WP is proposing himself as guardian and his appointment is now supported by his brother, RP. The appointment of WP is not, however, supported by SL, the represented person's daughter, whose appointment as limited guardian for treatment decisions was revoked by the Full Tribunal on 26 November 2012. It is the decision of the Full Tribunal to appoint the Public Advocate limited guardian of the represented person that WP seeks to have revoked.
The Full Tribunal found neither SL nor WP to be suitable to be appointed guardian for their mother given the 'fundamental conflict between them making it incapable for them to civilly and meaningfully discuss their mother's medical care' which would preclude 'the medical decision making from being informed by all relevant considerations'.
WP submits that the appointment of the Public Advocate is contrary to his mother's best interests, and his submissions to the Tribunal set out numerous allegations as to the Public Advocate's failure to properly fulfil her obligations as the represented person's guardian.
The question to be addressed by this Tribunal is not, however, the question of whether the Public Advocate is properly performing her duties as guardian.

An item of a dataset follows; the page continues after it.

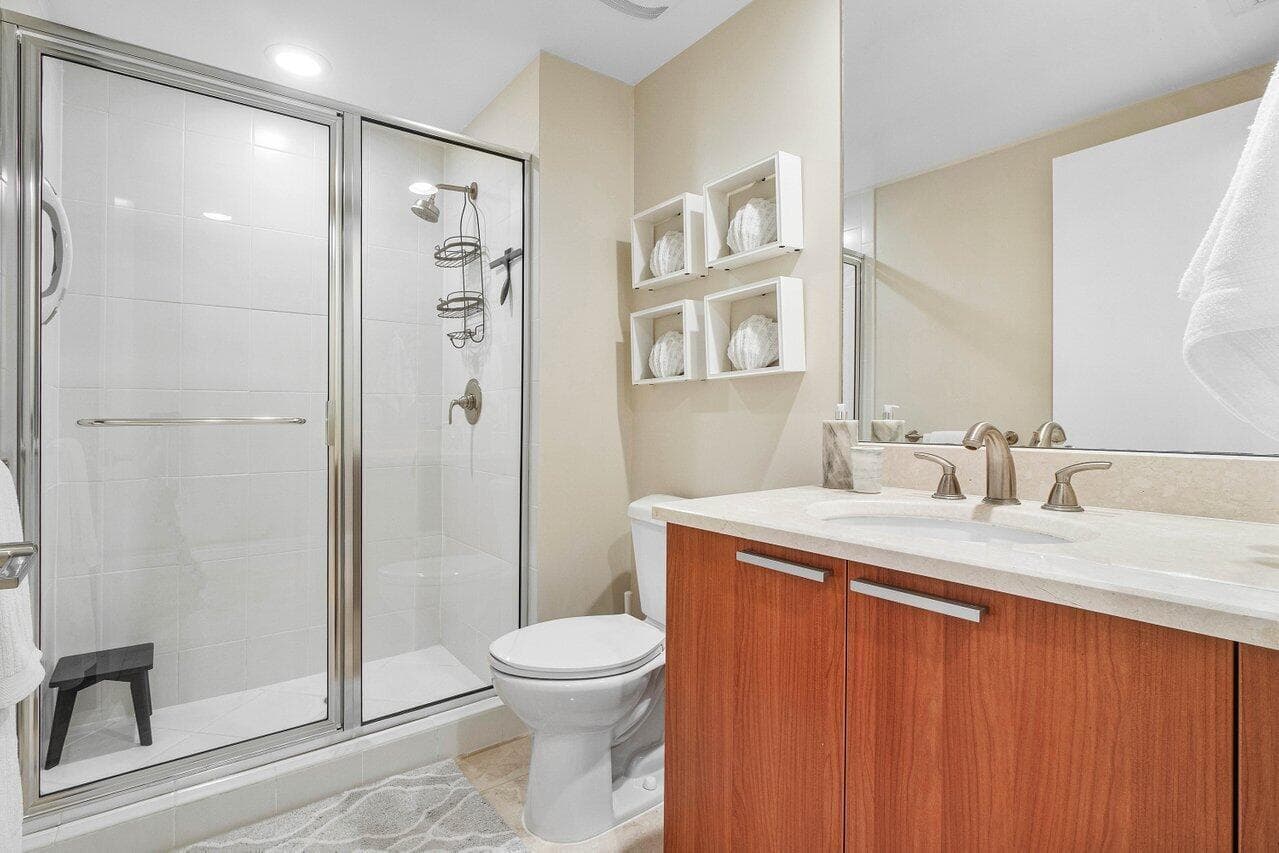 2650 Lake Shore Drive 206, Riviera Beach, FL 33404 — photo 24 of 59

The GA Act is very clear that the Public Advocate is guardian of last resort and other than where she is appointed to act jointly with another person, the Public Advocate can only be appointed if there is no other person who is suitable and willing to act.
WP is willing to act and I accept that he has no conflict of interest which would preclude his appointment. I also accept that WP is a strong advocate for what he believes to be in his mother's best interests; however, it appears that this is, not infrequently, expressed in a manner that is highly critical, combative and accusatory. I accept that WP's communications with his sister are more frequent that previously occurred. I am not satisfied, however, given the ongoing communication problems between WP and SL that were observed in the hearing and characterised by a lack of respect and a significant level of distrust between the parties, that WP would properly consult all family members and fully consider their views as to what may be in the represented person's best interest.
Taking into account the factors in s 44(2) of the GA Act, the Tribunal is not satisfied that WP is suitable for appointment as guardian for treatment or accommodation decisions. It appears evident to the Tribunal that the proceedings, which have involved a significant number of hearings and a considerable amount of time, have not lessened the sense of distrust and conflict between family members. For the reasons given, the appointment of the Public Advocate is confirmed. It remains appropriate that the guardianship order be reviewed at the same time as the review of the administration order.
Order
For these reasons, the Tribunal makes the following orders:
1.The appointment of the Public Advocate as limited guardian is confirmed as follows:
The Public Advocate of Level 2, International House, 26 St Georges Terrace, Perth, Western Australia is appointed limited guardian of the represented person with the following functions:
(a)to decide where the represented person is to live, whether permanently or temporarily;
(b)to decide with whom the represented person is to live;
(c)subject to Division 3 of Part 5 of the Guardianship and Administration Act 1990 (WA), to make treatment decisions for the represented person; and
(d)to consent to the use of chemical or physical restraints in respect of the represented person and to decide matters incidental thereto.
2.The Tribunal approves delegation by the Public Advocate of her functions as guardian of the represented person to an officer or employee employed in the Office of the Public Advocate.
3.This order is to be reviewed by 26 November 2017.
I certify that this and the preceding [54] paragraphs comprise the reasons for decision of the State Administrative Tribunal.